MATERIAL TO PROCESS below:
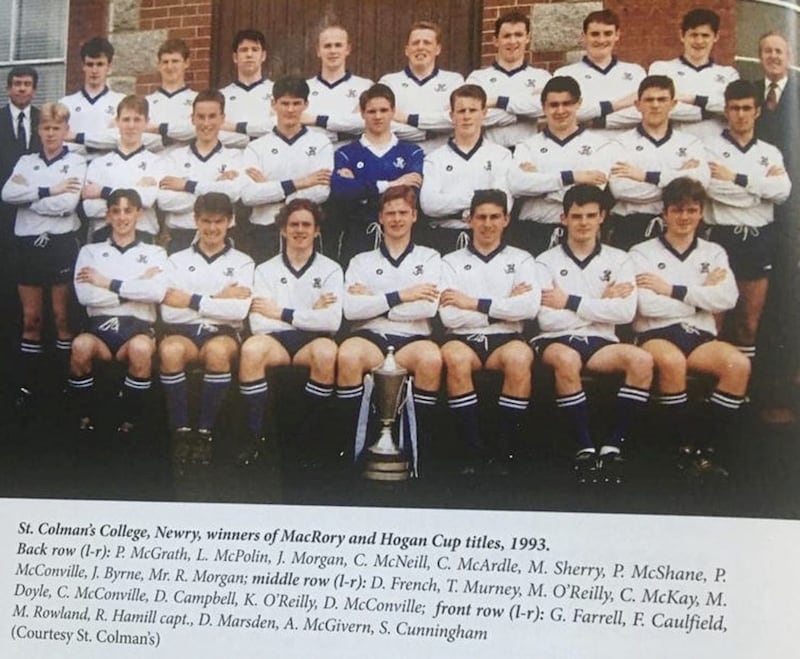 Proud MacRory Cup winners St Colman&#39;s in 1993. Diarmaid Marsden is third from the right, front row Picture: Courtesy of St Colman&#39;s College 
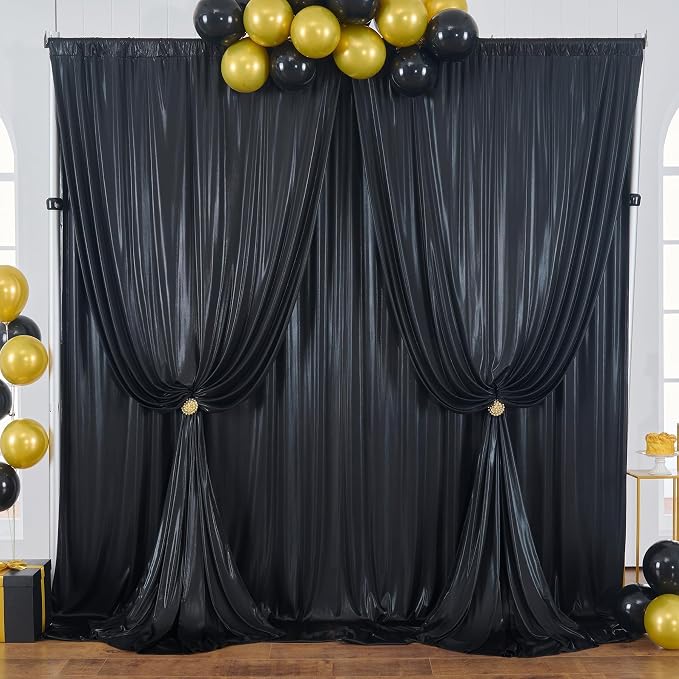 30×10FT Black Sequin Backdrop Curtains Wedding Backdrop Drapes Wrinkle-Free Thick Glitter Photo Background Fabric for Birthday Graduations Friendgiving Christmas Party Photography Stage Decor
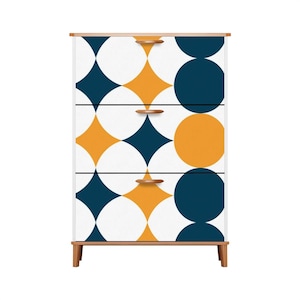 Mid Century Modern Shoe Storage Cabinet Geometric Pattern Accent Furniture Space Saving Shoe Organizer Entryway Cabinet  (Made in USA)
End of MATERIAL TO PROCESS.
MATERIAL TO PROCESS below:
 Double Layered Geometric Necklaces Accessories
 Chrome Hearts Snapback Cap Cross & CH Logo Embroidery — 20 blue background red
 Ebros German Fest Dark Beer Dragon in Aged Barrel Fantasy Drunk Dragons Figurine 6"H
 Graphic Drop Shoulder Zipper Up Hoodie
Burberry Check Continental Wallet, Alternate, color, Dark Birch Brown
End of MATERIAL TO PROCESS.
* [AIM OF THE TASK] Output the lines above between the one holding "Chrome Hearts Snapback" and the one holding "Burberry Check Continental", inclusive, with nothing before or after them.

* [COMPLETED TASK]
 Chrome Hearts Snapback Cap Cross & CH Logo Embroidery — 20 blue background red
 Ebros German Fest Dark Beer Dragon in Aged Barrel Fantasy Drunk Dragons Figurine 6"H
 Graphic Drop Shoulder Zipper Up Hoodie
Burberry Check Continental Wallet, Alternate, color, Dark Birch Brown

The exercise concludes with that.